Whenever I ask a potential client how much money are they spending on employee compensation, why do they always look at me with a blank stare? Is it because the question is unique? Perhaps no one has ever asked them that question before. These are people who are running a business, for goodness sake!
So I stare back at them until I get an answer. What do they usually say? They give me the merit increase, or general adjustment or budgeted payroll rise percentage. Unless prompted by more probing questions it is fairly common for senior managers to consider their compensation expense as an "annual" cost of business.
Which means that when it comes to the matter of monitoring or controlling compensation costs the "pool" of money under discussion is only the annual budget.
However I would submit to you that every dollar spent for employee labor is a compensation expense. If you accept that premise, then a company's labor costs balloon to over 50% of their revenue (not including benefits). In that environment the cost of annual pay rises pails in comparison.

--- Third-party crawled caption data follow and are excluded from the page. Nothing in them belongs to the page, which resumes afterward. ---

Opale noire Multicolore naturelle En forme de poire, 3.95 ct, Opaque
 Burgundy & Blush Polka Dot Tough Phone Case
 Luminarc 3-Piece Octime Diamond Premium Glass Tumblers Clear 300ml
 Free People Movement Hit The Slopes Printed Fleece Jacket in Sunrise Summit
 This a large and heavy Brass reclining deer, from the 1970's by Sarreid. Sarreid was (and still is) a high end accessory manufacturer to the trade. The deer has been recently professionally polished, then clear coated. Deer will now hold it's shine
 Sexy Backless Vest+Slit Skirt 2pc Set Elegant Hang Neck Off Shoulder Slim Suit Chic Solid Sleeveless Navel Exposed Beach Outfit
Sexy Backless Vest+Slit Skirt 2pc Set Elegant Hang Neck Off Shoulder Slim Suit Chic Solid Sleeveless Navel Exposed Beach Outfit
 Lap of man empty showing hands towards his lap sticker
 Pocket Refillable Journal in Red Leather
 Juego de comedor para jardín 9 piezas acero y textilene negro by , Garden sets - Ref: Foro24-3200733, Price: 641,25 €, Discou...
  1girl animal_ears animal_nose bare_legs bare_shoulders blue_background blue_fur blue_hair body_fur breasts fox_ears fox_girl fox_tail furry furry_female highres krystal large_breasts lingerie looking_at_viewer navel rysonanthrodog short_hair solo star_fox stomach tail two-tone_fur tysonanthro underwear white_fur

When I ask the potential client whether their compensation program (or Total Rewards for that matter) is working, I usually get served back a befuddled look. Eventually the talk will turn to turnover, as if somehow that percentage (if being used as a metric in the first place) has a 1:1 correlation to compensation program success.
It doesn't.
What I'm saying here is that senior managers commonly are ill-equipped to understand the dynamics of their compensation costs, never mind monitor and control them. After all, brand new managers (without the benefit of any managerial training) are routinely given authority to spend the company's money (hiring, promotion, pay rises). Often enough those new managers don't make decisions in the best interest of the company, but more often based on subjective emotions, a desire to be liked, an exercise in personal power, or for a host of other reasons that may or may not relate to actual individual job performance.
And the net result of these "decisions" is the rising cost of running the business - in the form of runaway payroll compensation costs.
This is a huge, yet thankfully avoidable problem. But you won't get management to face the challenge until they understand what constitutes the employee cost of operating the business - and how to control that expense.